Thursday, October 7, 2010

Questions to ask your prospective social media listening, monitoring and measurement vendor

Last I checked, there are an astonishing 88 products that claim they can support social media measurement. When shopping for a solution, this overabundance renders most marketing types catatonic. We're confused by this surplus. The vendors themselves don't help us; desperate to differentiate themselves, they claim increasingly improbable capabilities and use clever obfuscation to suggest they are somehow unique and better than anyone else.

All this came to mind this week when I attended the Monitoring Social Media event in Boston. Various vendors and consultants – and sadly, not enough end-users – presented their views on how best to listen, measure and respond to social media activity. Whether you decide to use free tools or invest in a commercial solution, here's my takeaway on the key questions to ask vendors about their products:

Sources:
The output of any social media tool is only as good as the inputs. Verify exactly what primary social media properties the tool monitors, and the depth that it can reach on each. Find out how blogs are monitored, and how you can add sources and if that's easy.
Also ask how much history the tool supports – how long is content archived? Finally, ask about foreign language capabilities, and to what extent the tool supports non-English content.

Search/Monitoring:
To make a tool useful you need to tell it what interests you, so it can retrieve and sort content. Usually, this is done using familiar Boolean logic, not unlike with a Google search. Check how sophisticated and granular the search and monitoring capabilities are. Ask about other ways to search, train or query the system – some support so-called natural language searches, for example.

Filter:
My colleague Tangyslice has endured agonies with a commercial social media tool that failed dismally to effectively filter-out spam and duplicate information.
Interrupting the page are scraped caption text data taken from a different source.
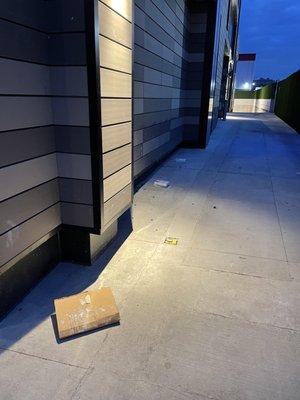 Trash around building exterior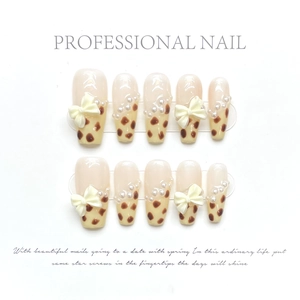 Detail of handmade brown polka dot press-on nails with 3D white bows and pearls decor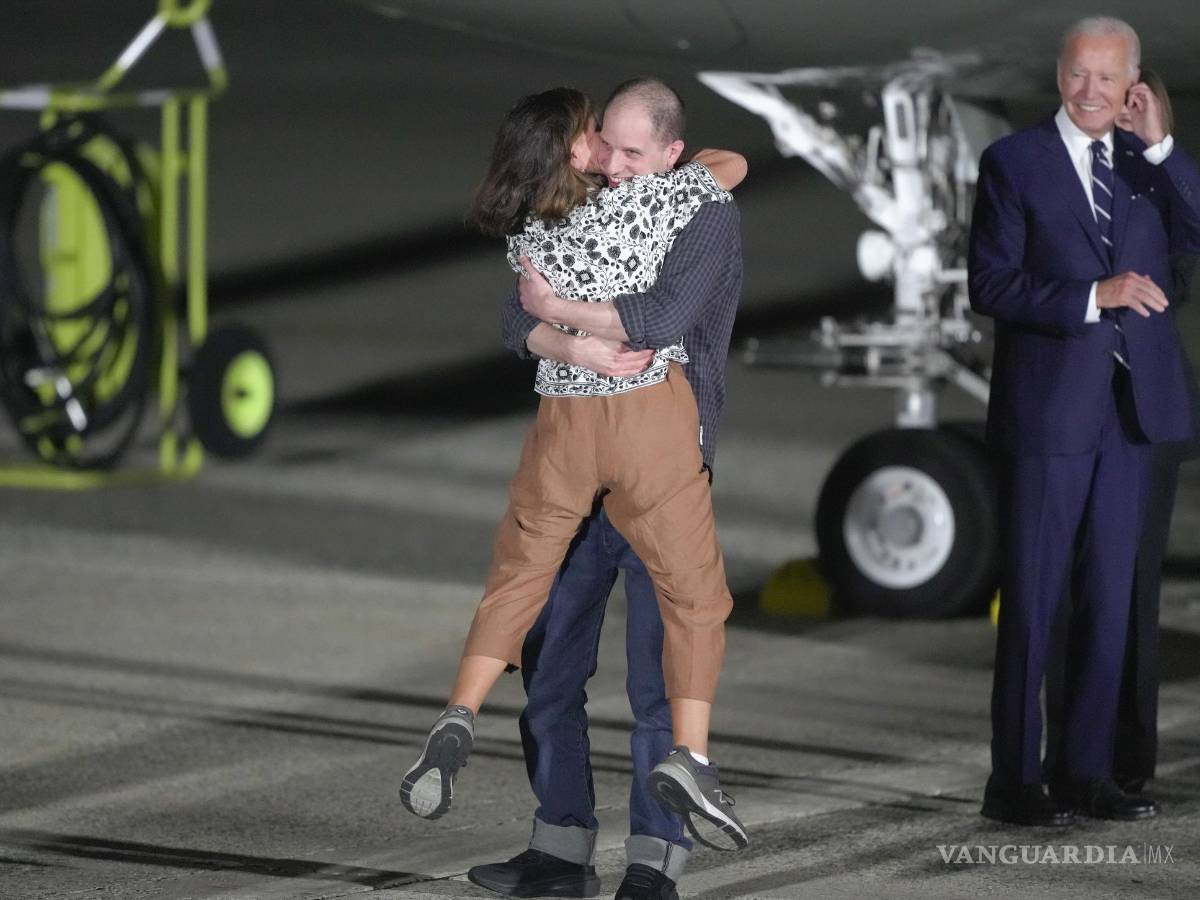$!Evan Gershkovich abraza a su madre, Ella Milman, mientras el presidente Joe Biden, a la derecha, observa en la Base de la Fuerza Aérea Andrews, Maryland.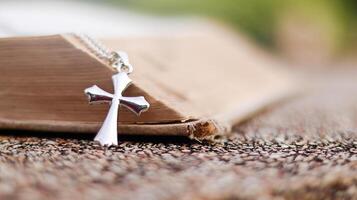 Shiny metal cross leaning against an old open book symbolizing the spread of Jesus Christs love among Christians reflecting faith devotion and the importance of Christian teachings. photo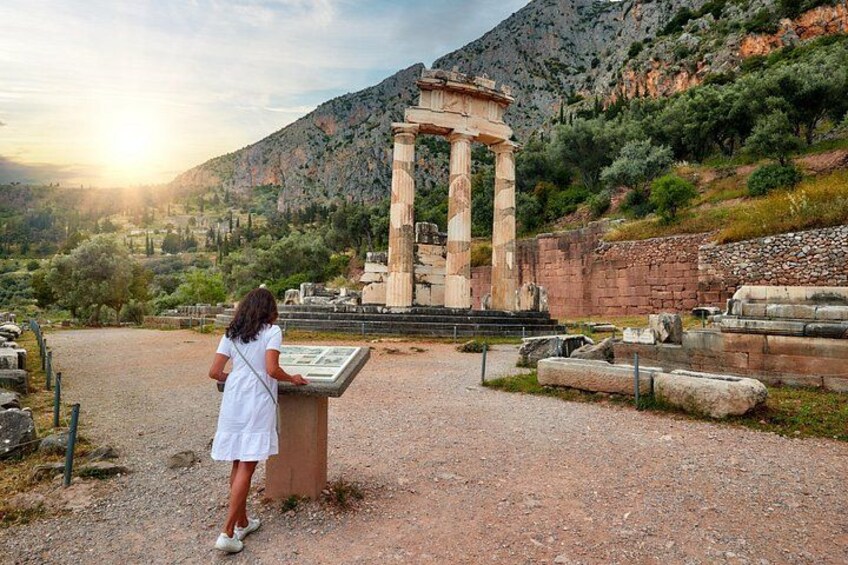 A woman in a white dress standing at a stone pedestal with a tablet, overlooking ancient ruins and a mountainous landscape. 3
A manual attempt to do this couldn't keep pace with the innovation of spammers, who seem to mutate and multiply constantly. Check that a tool can filter effectively.

Measurement:
This is where most people initially focus. Find out what the system can count. Can the system find relationships between data? How does it determine the salience of a source or other data? Can it detect sentiment, and for what? What about the valence of information or sources (in other words, how 'importance' or significance)?

Reporting & Alerting:
How are you going to present the data? What actions do you need to take with the information? How can you automate reporting, or send alerts to the right people in your organization? Its easy (at least for me) to get seduced by snazzy reporting engines that generate gorgeous graphs and charts, but often simple alerts and custom dashboards are a better approach. Think this through.

Connectivity:
Do you need to connect the system to others tools – say, a CRM solution, or another data mining product? Does the system easily support this?

Services:
Some systems are designed as self-service solutions that require the customers to drive and tweak. Others require a layer of professional services to make the tool work and to customize it. Think about what fits your needs.

Cost:
There's a lot of free stuff out there, and its possible to cobble-together a pretty good reporting system using Google, Tweetdeck and a few other tools. Beyond that, there's a layer of product in the $50-$100 a-month range that many tell me aren't very useful. Beyond that, expect to pay $400+ a month for a sophisticated product that covers a wide range of sources, can be customized, and will cover most company's needs (prices are for a single initial user).

Good luck! Let me know what I missed.